If it wasn't shemittah, you are right in thinking that returning more than the borrowed amount, if that addition is a recognizable amount, would be usury. This is true despite the fact that returning the same volume is allowed even if the product has increased in value, because it's assumed that such fluctuations aren't significant to neighbors or people who borrow small food items. (Mishna Berura O.C. 450:2 quoted in "The Laws of Ribbis" by R. Reisman, pg 269)
The laws of Shemitta do apply to lending objects (as in, where the deal was that the object would be replaced, not returned, which would be a case of borrowing) as it is no different than lending money. Thus, as long as the 'debt' was already due before shemittah (which, if not stipulated, is a period of 30 days) then shmitta would cancel that debt as well. ("The Laws of Ribbis" by R. Reisman, pg 359 quoting Chayim Shaal 2:38:13)

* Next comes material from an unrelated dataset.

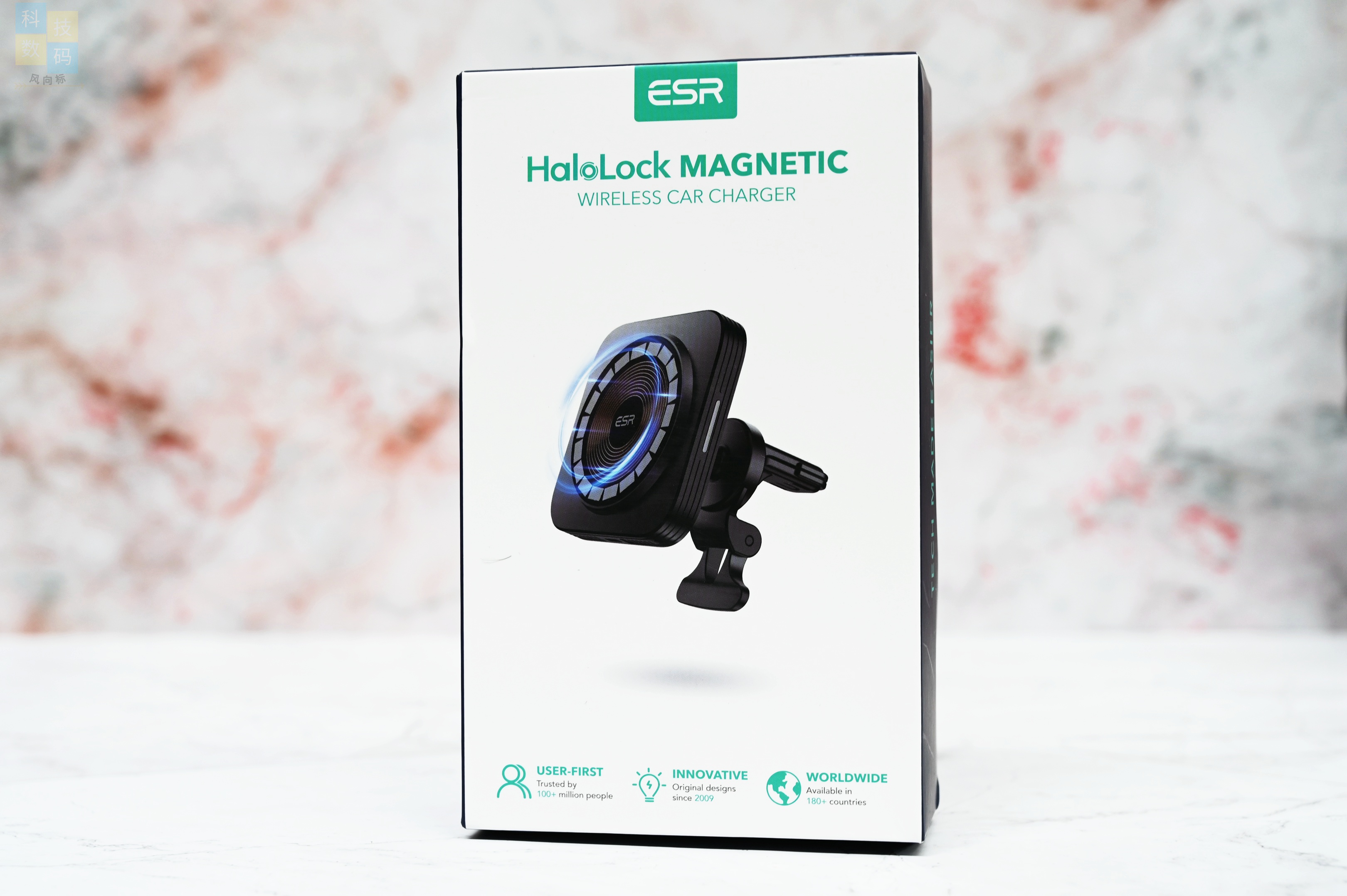 车上也能一放即充,还有磁吸固定设计,亿色车载磁吸无线充电器体验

Returning money after shemittah can either be done as a repayment despite the shemittah, or as a gift of goodwill. If done as a gift, then as long as it's reasonable to look at the extra milk as such and not as reimbursement, then this would probably be allowed (as the Shach Y.D. 160:8-10 writes regarding a regular loan that wasn't cancelled by shemittah).
However, if the food is referred to as 'repayment', the question of whether or not extra food would be considered interest is probably dependent on a question of the Minchas Chinuch (mitzvah 477) as to whether or not shemittah cancels loans automatically, without any action or intent of the lender and borrower, or if it is a mitzvah incumbent upon the lender. According to the latter view, which believes that the loan itself isn't cancelled, it's likely that one would violate the prohibition of usury even after shemittah. (On this, see Minchas Asher Gittin siman 59- he doesn't mention this specific issue but he does discuss the meaning of shemitas kesafim in general at length).
Bottom line, I'd say (besides for saying to first CYLOR) that 'being neighborly' should be clarified that this is meant merely a gift, and not repayment, so that there's no problem.